By Ryan C. Wood
If you did not know, Mr. Lewis’ bankruptcy case is still an ongoing case. Part I goes through the first part of the bankruptcy case, describing the players and some procedure and addresses arguably why Mr. Lewis’ case was converted to a case under Chapter 7 so soon after originally filing a Chapter 11 reorganization case. Part II begins with describing the various interests of three lesser creditors and what they did to enforce their rights in Mr. Lewis’ bankruptcy case. Keep in mind that as soon as a person or company files for bankruptcy protection the order of relief becomes effective stopping any and all collection activity, lawsuits, wage garnishments, repossessions and foreclosures for example. This is the backbone of every bankruptcy case and the grant of power to the bankruptcy court and judge. The bankruptcy court is the single point of focus for relief if you are owed money or have a claim for money against the bankruptcy filer.

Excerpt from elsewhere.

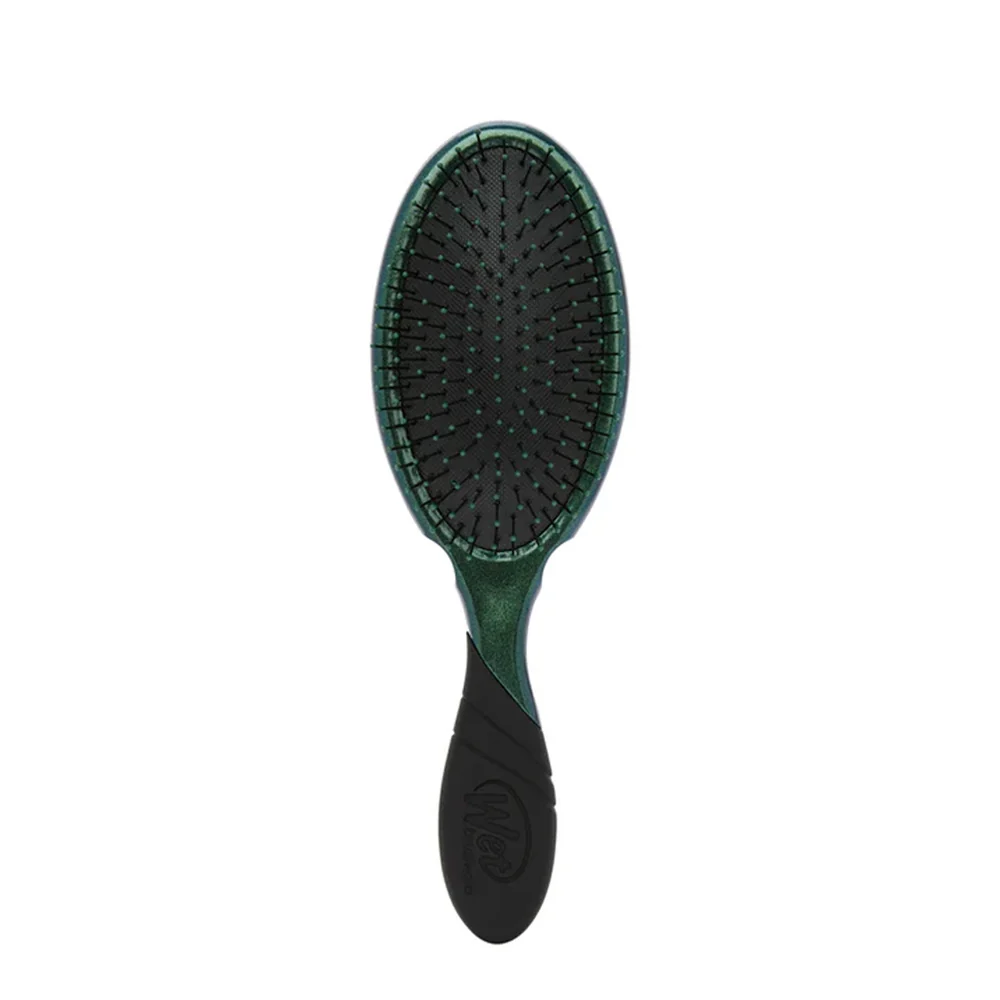 WetBrush Pro Detangler Glitter Glam Forest - spazzola scioglinodi - Image 3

If the case is a reorganization case no more payments are made to vendors, mortgages or vehicle loans without court permission. It is assumed or most likely that secured creditor payments will be made in a plan of reorganization. Reorganizing or changing the payment terms of a mortgage or vehicle loan in Chapter 11 or Chapter 13 is the name of the game and why a person or company can still stay afloat. Bankruptcy is a way to force more favorable repayment terms on secured creditors and get rid of unsecured debts all at the same time.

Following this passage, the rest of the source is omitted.